Exercise description
Line by line, give the data again exactly as it appears, but without pictures.

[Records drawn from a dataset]
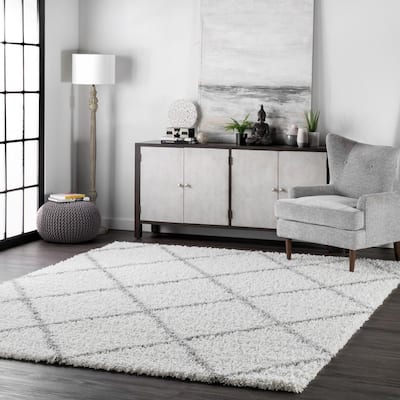 White Area Rugs The Home Depot, White Fluffy Area Rug For Bedroom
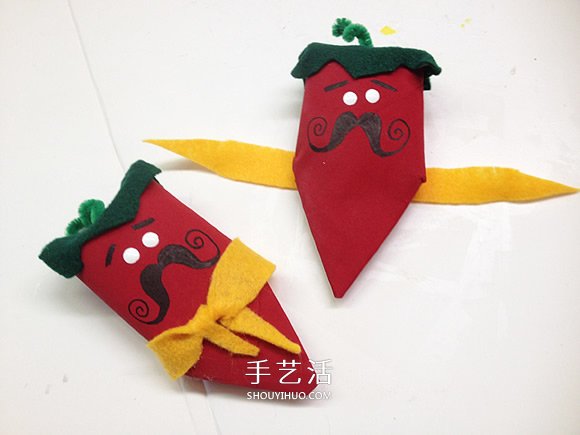 幼儿园卷纸筒废物利用 手工制作大胡子红辣椒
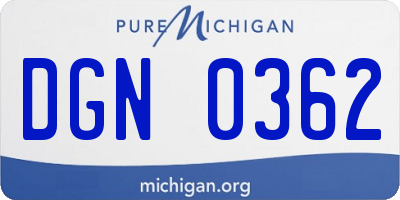 MI license plate DGN0362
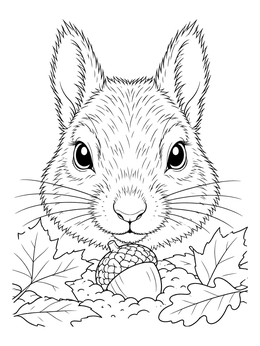 Free printable Close Up Squirrel With Autumn Leaves coloring page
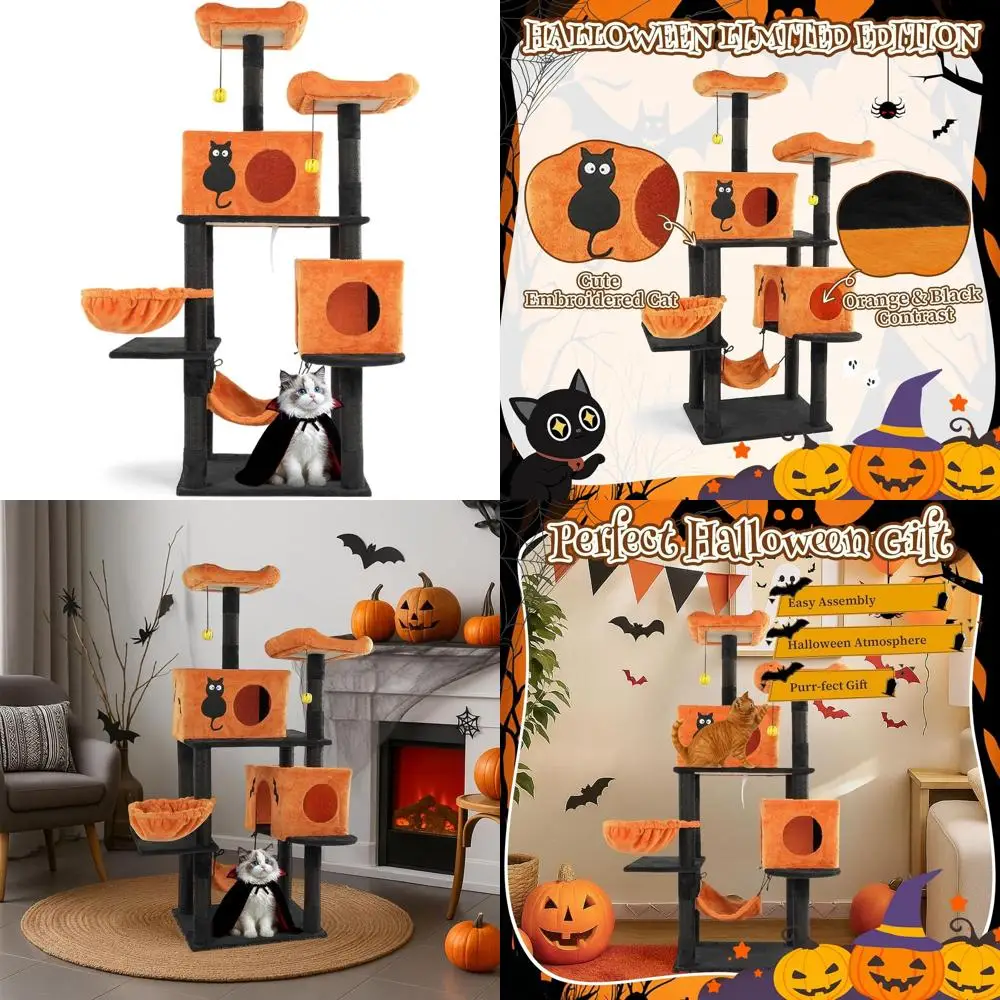 

61-ярусная просторная лежанка-башня для кошек с 2 домиками, 2 площадками для отдыха, 2 гамаками, когтеточками, подвесной игрушкой, многоуровневыми элементами для активного отдыха, оранжевая и черная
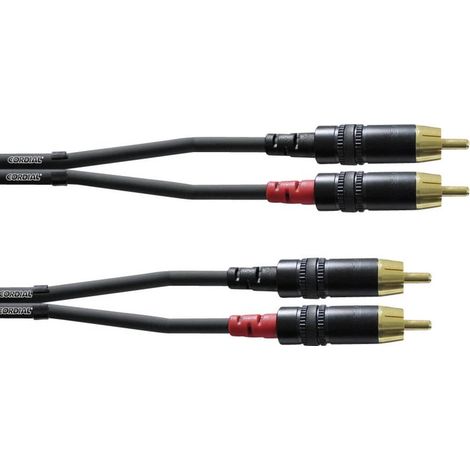 Câble adaptateur audio [2x Cinch-RCA mâle - 2x Cinch-RCA mâle] Cordial CFU 0,6 CC noir 0.60 m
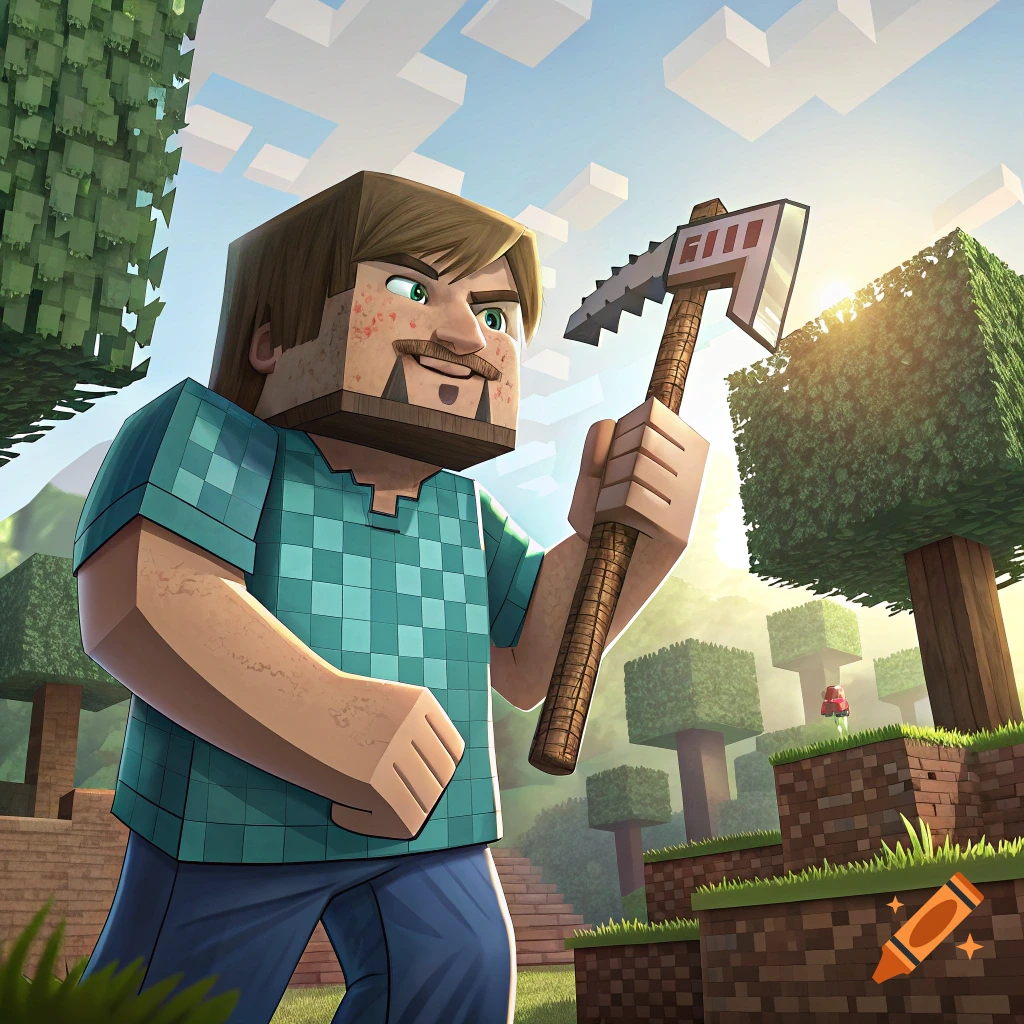 Minecraft character resembling Jack Black holding a pickaxe in a blocky landscape.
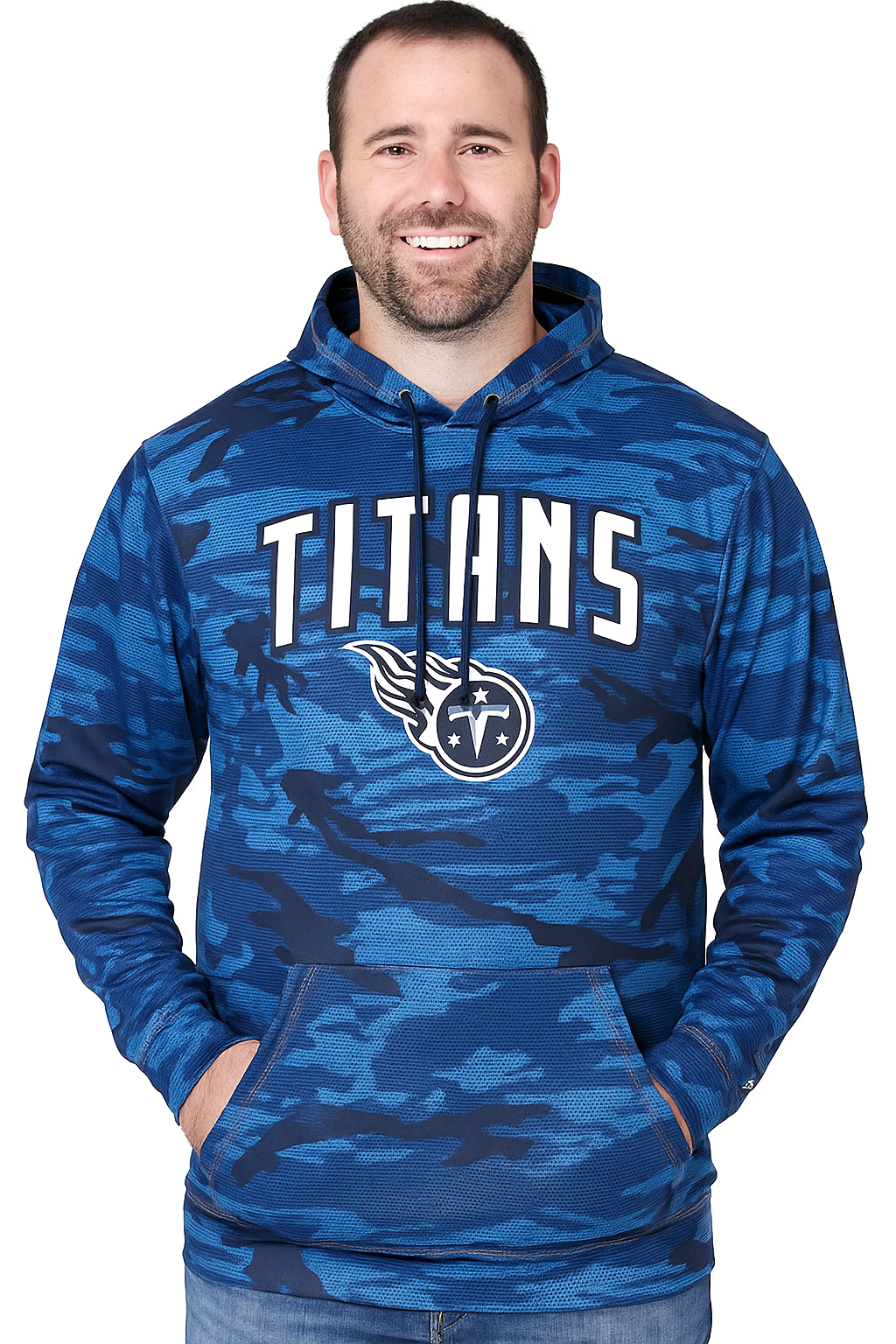 Zubaz NFL   Men's Arch All Over Camo Hoodie, TENNESSEE TITANS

Response
 White Area Rugs The Home Depot, White Fluffy Area Rug For Bedroom
 幼儿园卷纸筒废物利用 手工制作大胡子红辣椒
 MI license plate DGN0362
 Free printable Close Up Squirrel With Autumn Leaves coloring page

61-ярусная просторная лежанка-башня для кошек с 2 домиками, 2 площадками для отдыха, 2 гамаками, когтеточками, подвесной игрушкой, многоуровневыми элементами для активного отдыха, оранжевая и черная
 Câble adaptateur audio [2x Cinch-RCA mâle - 2x Cinch-RCA mâle] Cordial CFU 0,6 CC noir 0.60 m
 Minecraft character resembling Jack Black holding a pickaxe in a blocky landscape.
 Zubaz NFL   Men's Arch All Over Camo Hoodie, TENNESSEE TITANS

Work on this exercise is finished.